In between those two mad, mad bookends is a slimy, sleazy version of 'I Saw Mommy Kissing Santa Claus' by Secret Chiefs 3, a sort of psychedelic grindcore band from California; 'Here Comes Santa Claus' in a no-wave hip-hop fusion from Japanese indie rock band Seagull Screaming Kiss Her Kiss Her; a few moments of almost ambient peace, so much needed after all the craziness we've had so far, when Gastr del Sol perform 'The Bells of St Mary' with a stillness that, for me, sounds almost like the serenely beautiful louanges in Messiaen's Quatuor pour la fin du temps.
But it's only a short respite and we get a totally trippy 'Sleigh Ride' from avant-noise artist Masaya Nakahara, aka Hair Stylistics, where odd bursts and blurps of noise are interspersed with creepy bits of sleigh music that fade in and out and displace everything, like a poltergeist. Then there's the 'Parade of The Wooden Soldiers', turned into a haunted, whispered piece of hardcore horror by SxOxB, a weird experimental band that pioneered grindcore in Japan; and, finally before the Merzbow, an unsettlingly childlike rendition of 'Marshmallow World' by God is my co-pilot, a New York gender-bending queercore outfit that sings flat and turns everything, even innocence, into percussion.
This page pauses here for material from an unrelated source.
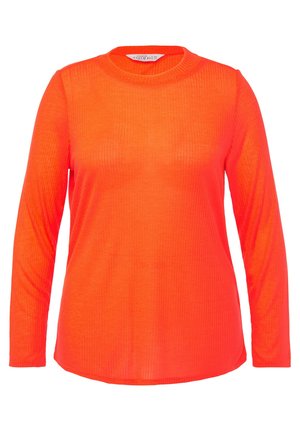 Langarmshirt in feloranje ribbelstof, met een ronde halslijn en een relaxte pasvorm, met een gladde textuur en geen zichtbare patronen.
The album is called The Christmas Album - so, if you Google it, you are going to get lots and lots of links before you get to this - which, in any event, seems pretty hard to come by. But if you're feeling you've overdosed on seasonal sugar, and you want your musk sticks and jelly beans to freak you out a bit for a change, then this is worth hunting down. The whole thing is over in less than half an hour - but Christmas will never be the same again.